§ Material supplied:
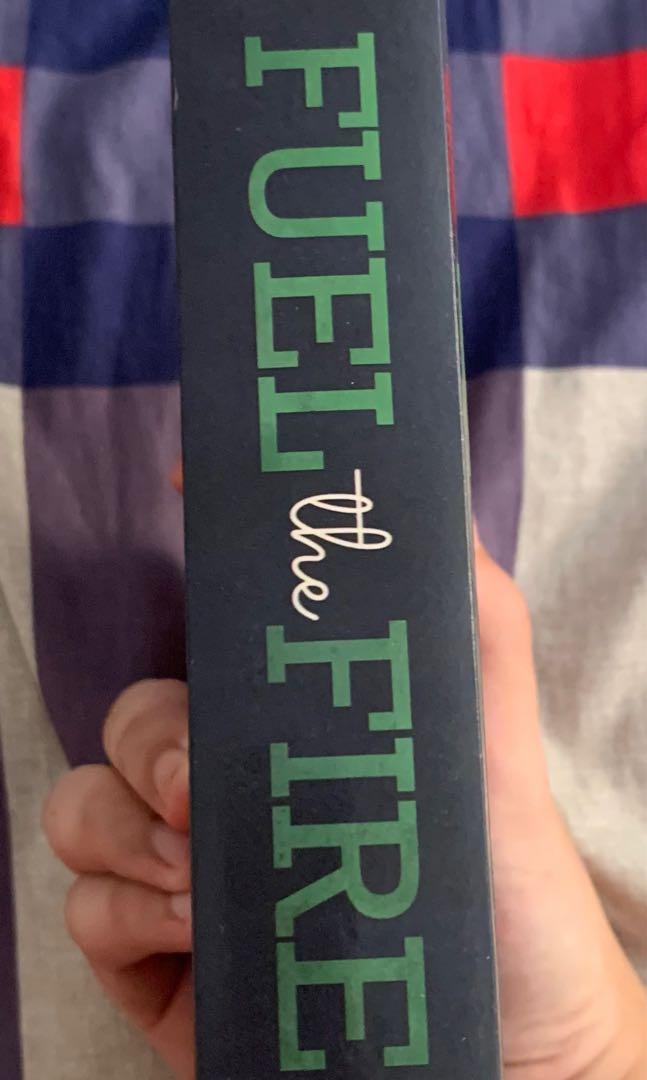 PRE LOVED fuel the fire by krista and becca ritchie, Hobbies & Toys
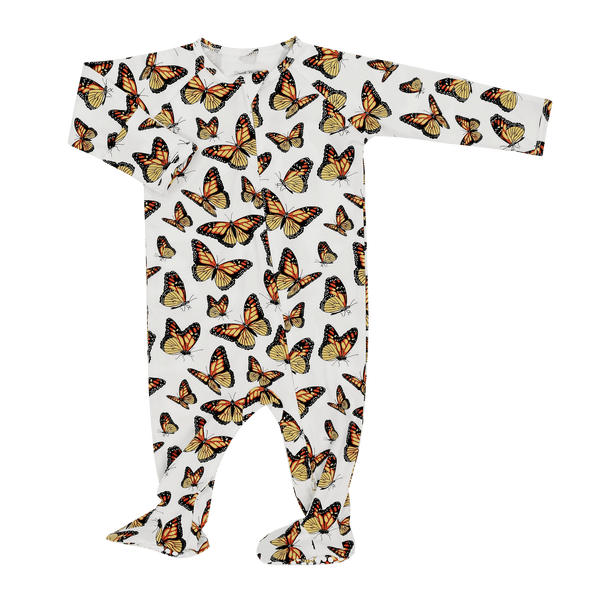 The Great Migration Zipper Footie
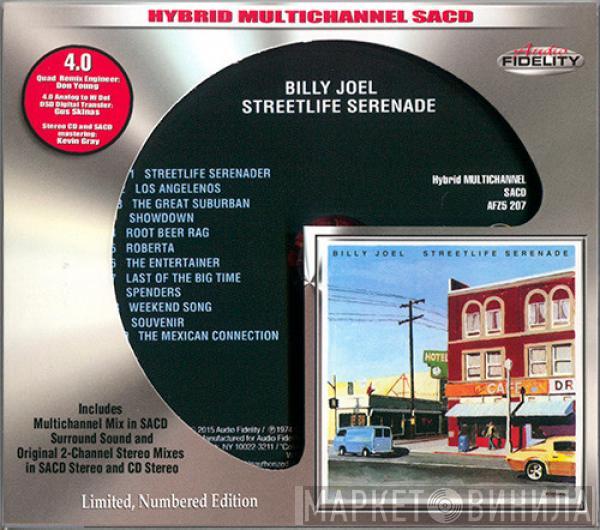  Billy Joel  - Streetlife Serenade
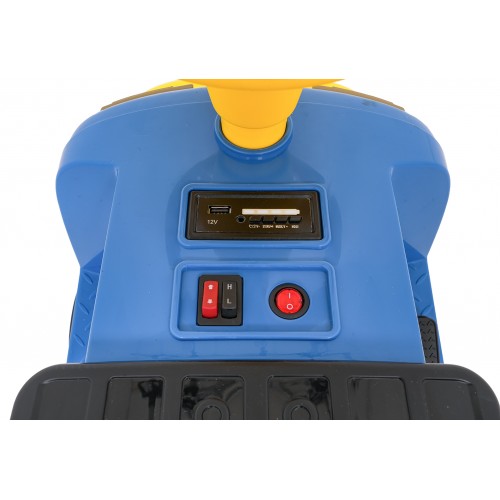 Vehicle: Blue Station Locomotive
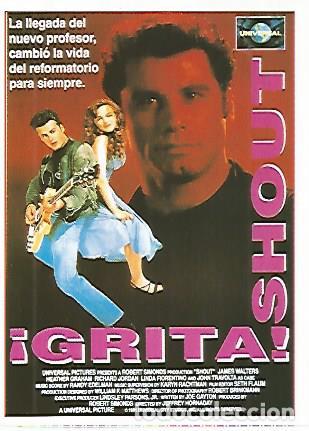 Postales: CROMO CINE 1609: GRITA - Varios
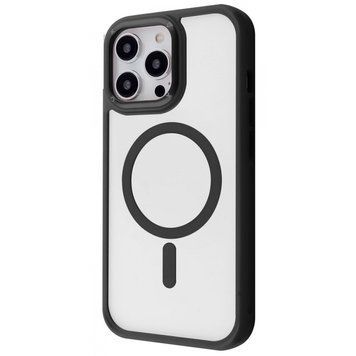 Чохол Proove Clear Essence Case with Magnetic Ring iPhone 13 Pro Max Black 656-04361 фото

§ How to complete this task: Excluding pictures, reproduce the listing above exactly as it stands.

§ Solution to the exercise:
 PRE LOVED fuel the fire by krista and becca ritchie, Hobbies & Toys
 The Great Migration Zipper Footie
  Billy Joel  - Streetlife Serenade
 Vehicle: Blue Station Locomotive
 Postales: CROMO CINE 1609: GRITA - Varios
 Чохол Proove Clear Essence Case with Magnetic Ring iPhone 13 Pro Max Black 656-04361 фото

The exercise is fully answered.